Les PME se demandent souvent comment maximiser leurs chances de succès lorsqu’elles répondent à des appels d’offres du secteur privé. Quelles sont les stratégies qui fonctionnent ? Le point avec Alain Wolgensinger, spécialiste de l’optimisation de la performance commerciale.
Faites le test et vous serez édifiés : si vous tapez l’expression « appels d’offres » sur Internet, quasiment toutes les réponses concerneront les appels d’offres publics. Pourtant, le poids du secteur privé dans l’économie dépasse celui du secteur public.
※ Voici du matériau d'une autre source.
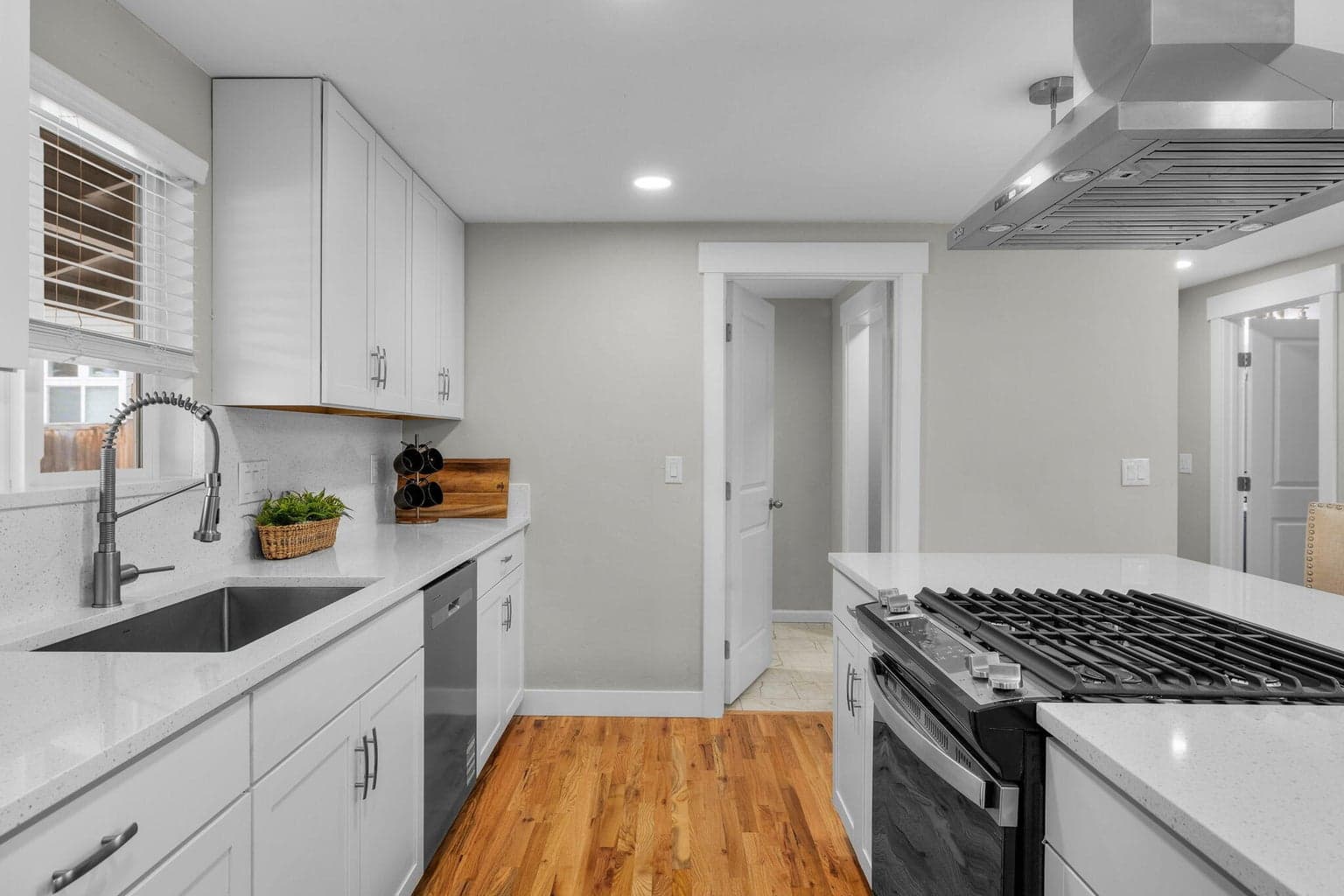 Photo of 61125 Brosterhous Road 9 of 23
D’où tout l’intérêt d’affûter votre stratégie de réponse aux appels d’offres privés, après avoir peut-être fait de même dans le domaine de la commande publique.
Premier constat : sans contact direct, les appels d’offres du secteur privé sont une chimère. De tels contrats se « chassent ». Alors, comment une PME peut-elle faire pour convaincre un grand compte ?
Appels d’offres remportés par les PME : la preuve par l’exemple
L’expérience de plusieurs PME dans l’industrie ou les services est édifiante. Elles ont en effet réussi à convaincre d’importantes sociétés de leur faire confiance. Quelques exemples :
- Buracco (fabrication de vannes papillons et vannes clapets) pour TotalEnergies (un des leaders mondiaux de l’extraction et raffinage de pétrole)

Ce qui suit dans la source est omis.